Thursday, July 3, 2008

Protecting Neighborhoods

Zoning advocates like to make lots of noises about how zoning will protect neighborhoods. Who could possibly be against that? Few people want to live in a crime infested neighborhood, or have neighbors with dilapidated cars in the front yard.

But like most advocates of government coercion, zoning supporters don’t acknowledge how they will protect neighborhoods. They don’t tell us the means by which they will achieve their ends. They want us to believe that the ends are so beneficial and so widely supported that the means are irrelevant.

But the ends do not justify the means. Any ends that require the initiation of force as their means are not justified. And this is precisely what zoning does.

Zoning imposes restrictions on how you may use your property. Under zoning, you may use your property, not by right, but only with the permission of zoning officials. And if you violate their edicts, you are subject to fines and/ or jail time.

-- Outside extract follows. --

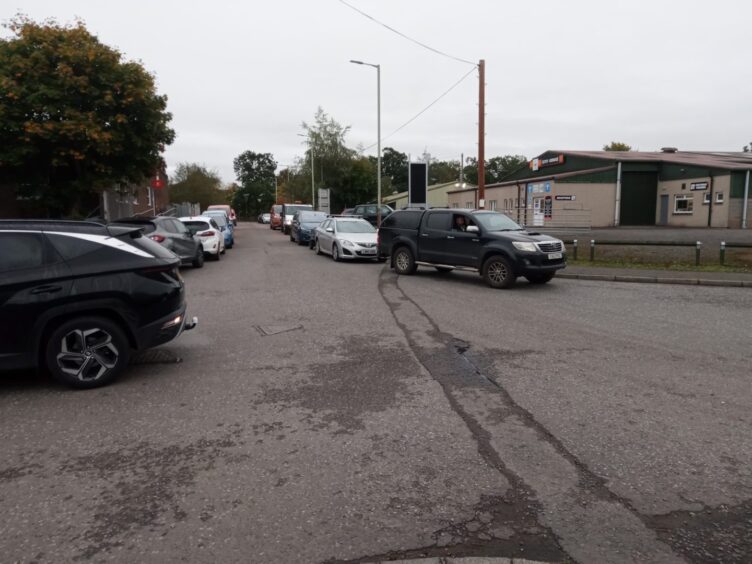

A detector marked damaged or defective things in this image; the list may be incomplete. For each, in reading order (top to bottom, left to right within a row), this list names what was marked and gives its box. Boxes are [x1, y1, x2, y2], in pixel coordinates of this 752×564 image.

What this means is that if you build a shed that violates zoning codes, you could go to jail. If you install shutters that violate the zoning code, you could be fined. If you do anything on your property that zoning officials do not approve, you become a criminal.

To be “democratic” and “empower the people” zoning officials solicit input from neighbors during zoning hearings. Typically, if neighbors disapprove of your intended use, zoning officials will reject it. Which means, your neighbors will have a greater voice in the use of your property than you will.

Personally, I would much rather have neighbors with junky cars in the front yard than neighbors who tell me how to use my property. Junky cars are ugly. Power lusting neighbors are equally ugly, and also immoral.